In their first experiment they asked 137 college students to complete a survey about two issues: 1) how often they express gratitude to their partner or significant other in their daily lives, and 2) how strong their relationship is with that other person, which they call “communal strength.” They found that expressing gratitude and communal strength are highly correlated.

In their second experiment they asked another 218 students to complete the same survey about expressing gratitude and relationship strength at two different times, 6 weeks apart. They found that the tendency to express gratitude at Time 1 was correlated with perceived strength of relationship at Time 2, regardless of how strong the tendency was at Time 1.

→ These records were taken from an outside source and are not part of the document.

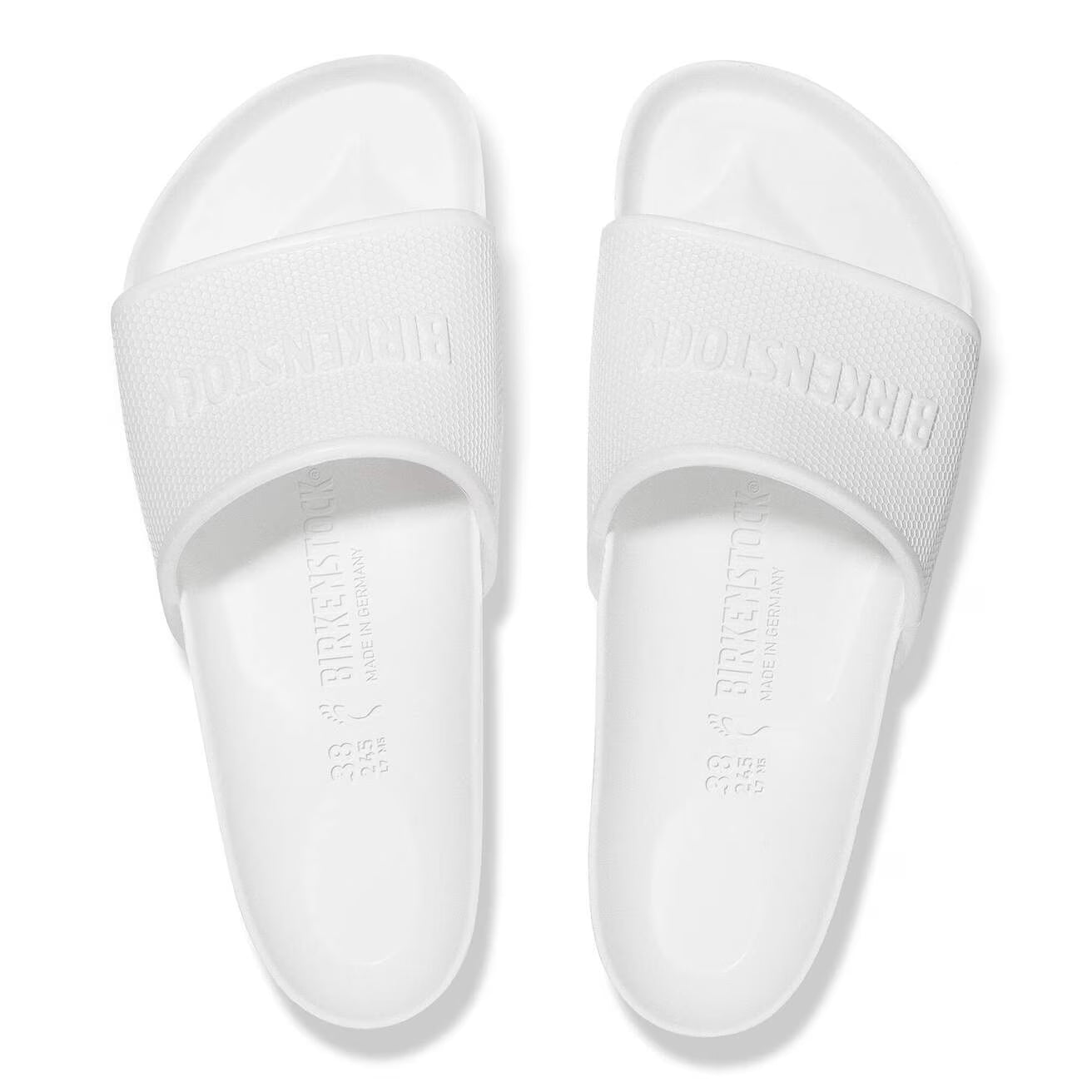 Birkenstock Barbados EVA Slide On Sandals White Regular Fit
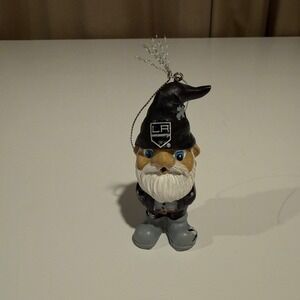 LA Kings Gnome Ornament NHL Hockey Team Mascot Christmas‎ Tree Decor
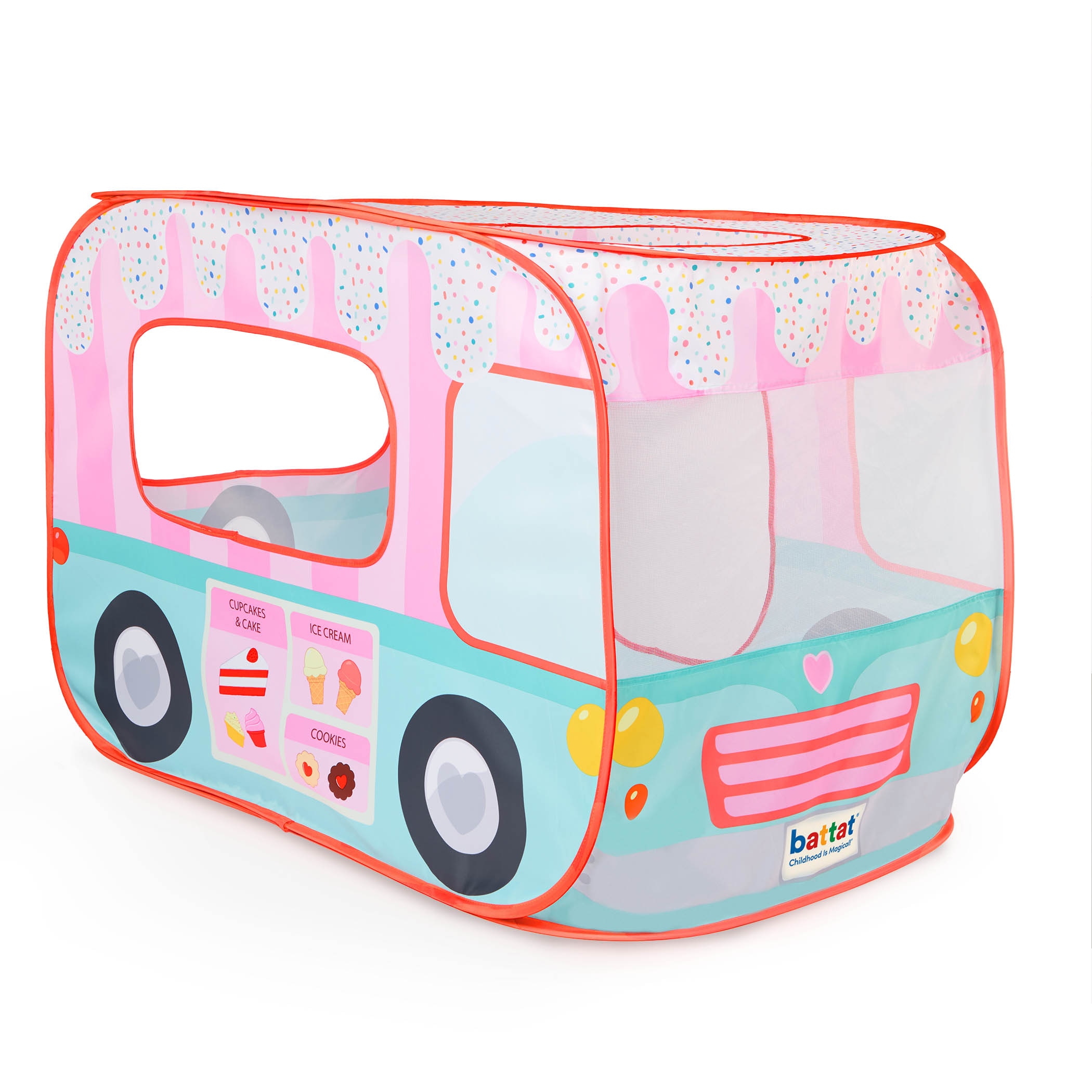 Tienda de campaña Pop Up, camión de dulces 29 Piezas Battat 11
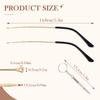 1 Pairs Eyeglass Sunglasses Replacement Temple Tube Sleeve - Sunglasses Accessories for Glasses Repair and ReplacementGold view 2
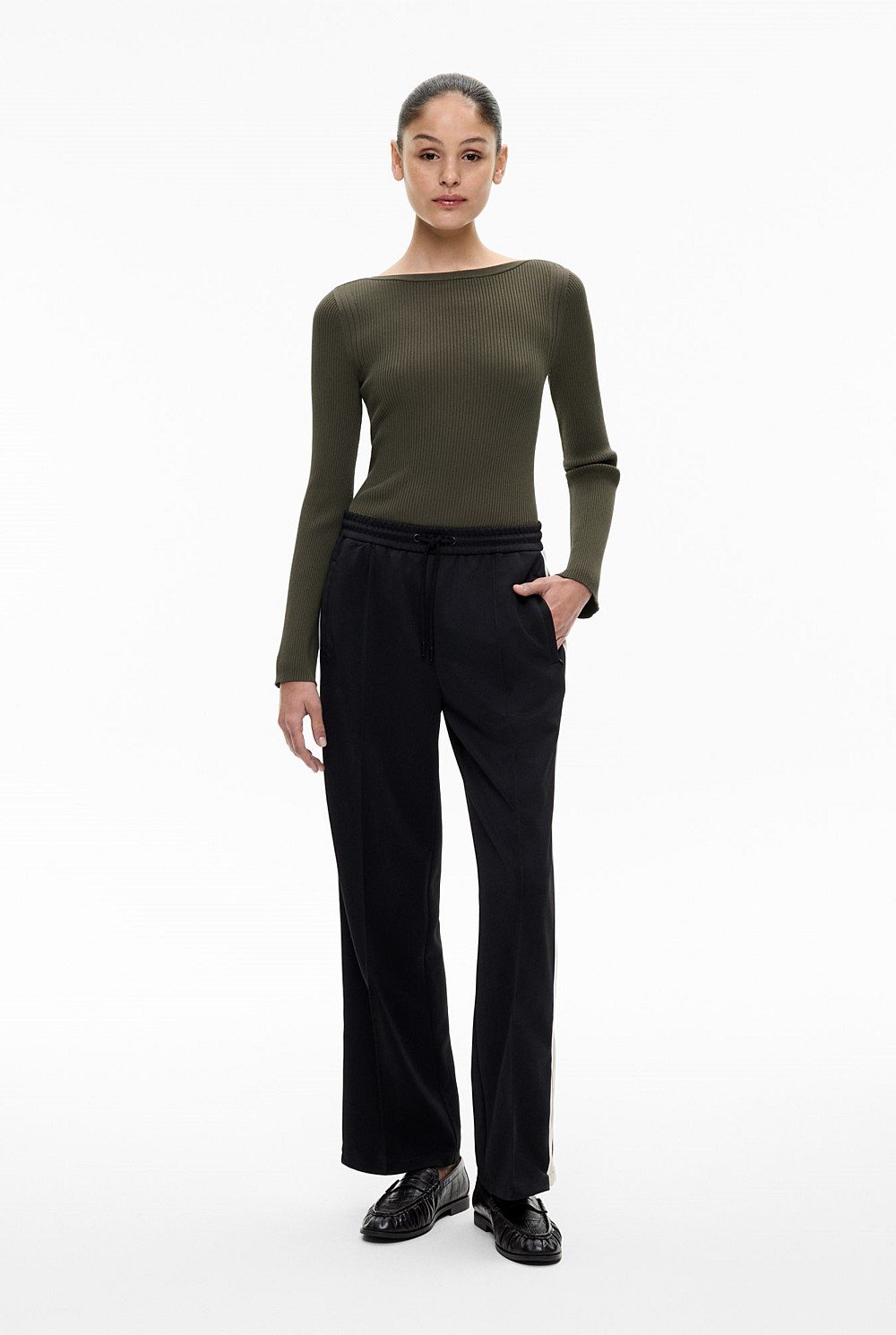 Asymmetric Hem Knit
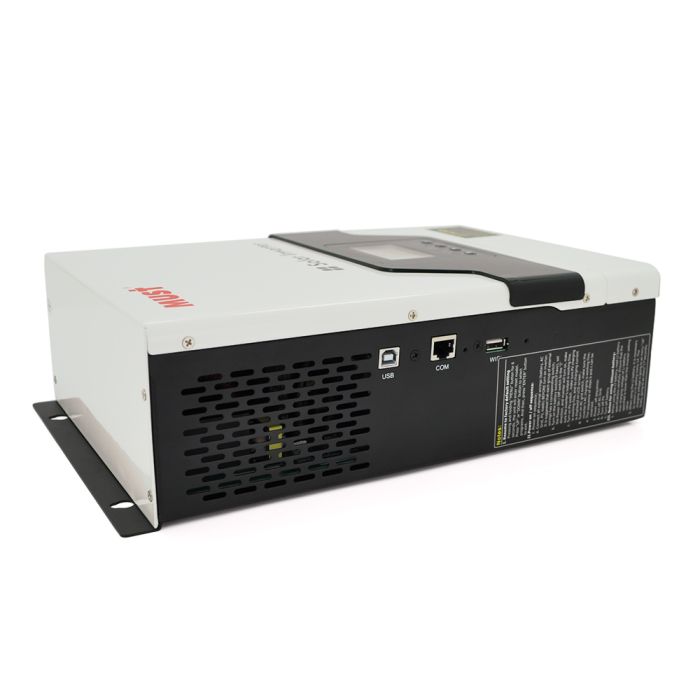 Гiбрiдний ДБЖ  MUST PV18-1012VPM II, 1000W, 12V, ток заряда 45A, 160-275V, MPPT (45А, 105 Vdc)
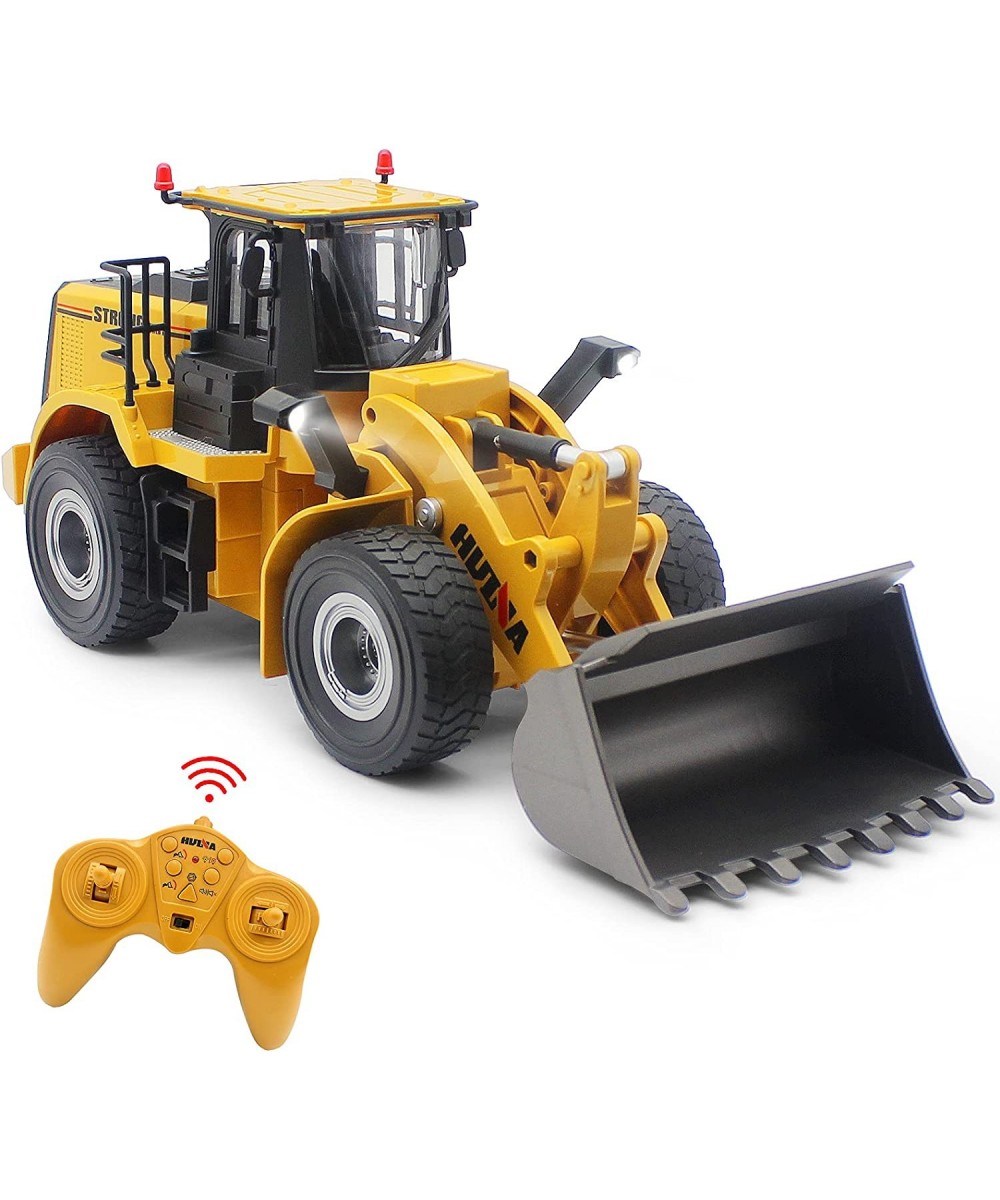 Remote Control Front Loader 9 Channel Bulldozer Toy RC Construction Vehicles Truck 2.4Ghz Remote Control Bulldozer 4WD Shovel...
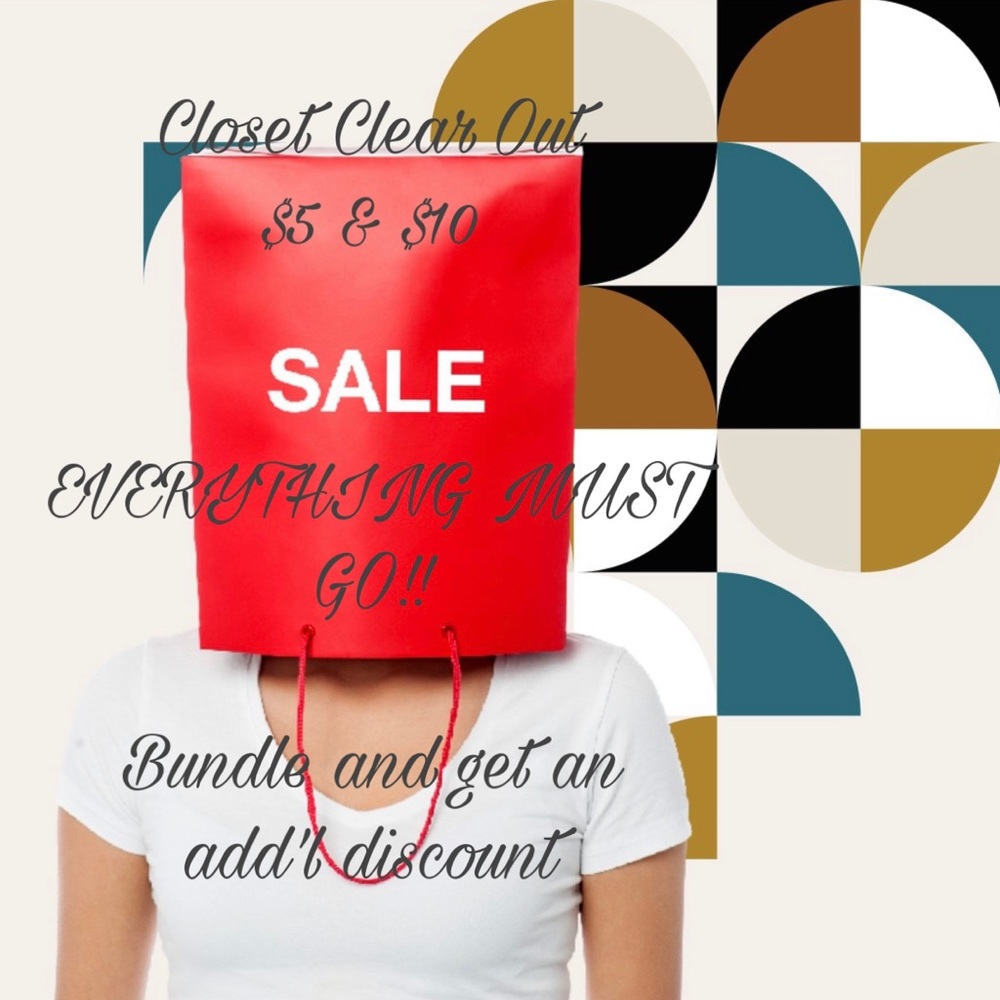 Closet Clear Out Sale!’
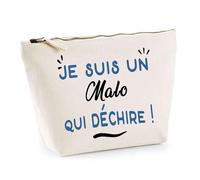Otshirt Trousse d'un Malo Qui déchire - Pouch - Idée Pochette Personnalisable Cadeau Anniversaire Fête Original Famille Travail Départ Collègue Retraite Noël.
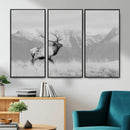 Elk Wildlife Wall Art Canvas Print – Framed Mountain Elk Art by MyGreatCanvas | Canvas Wall Art Prints | Photo Prints & Wall Decor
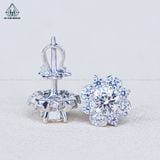  EX520 5mm Bông tai hoa 4 cánh nhọn 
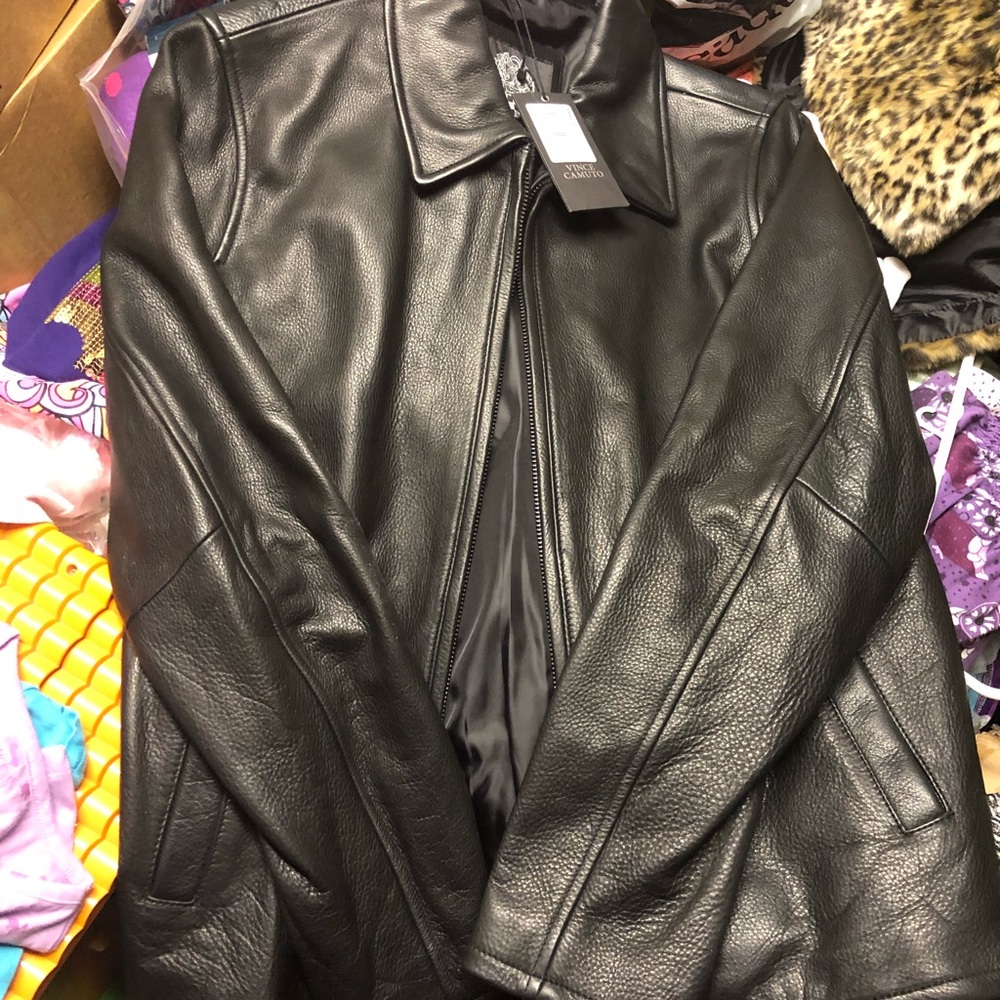 Vince Camuto Black leather jacket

In their final experiment they randomly assigned 75 students to one of four conditions. Students were instructed to either 1) increase their expressions of gratitude (verbally or through writing) to their partner twice a week for a 3 week period; 2) pay attention to activities with their partner and write them down twice a week; 3) think of positive past events in the relationship and bring them up with their partner twice a week; or 4) pay attention to events that made them feel gratitude toward their partner and write them down twice a week but not express them to their partner. There was no initial difference in communal strength scores among the four groups, so they all started out at the same level of relationship, but after three weeks the students who had been instructed to express gratitude to their partners reported higher communal strength scores in their relationships than did any of the other groups.

Keeping in mind the subjects in this study were all college students in a time of life when people are typically focused on starting relationships, the results may nevertheless have implications for the rest of us, mainly that expressing gratitude to our partners makes us feel stronger and probably more committed to them than just trying to be pleasant around them or merely feeling grateful toward them. The authors suggest that actually coming out and expressing gratitude may have two benefits. First, it positively affects how we see ourselves (i.e., “I’m being good and doing something nice for my partner”). Second, it likely produces good feelings in our partners as well, which they will probably give back to us, thus strengthening the relationship.

Of course, to really test this idea, we should probably try it out ourselves. Expressing gratitude to others might even improve other relationships in our daily lives.

Citations

Lambert, N.M., Clark, M.S., Durtschi, D., Fincham, F.D., Graham, S.M. (2010) Benefits of expressing gratitude: Expressing gratitude to a partner changes one’s view of the relationship. Psychological Science, 21, Pp. 574-580.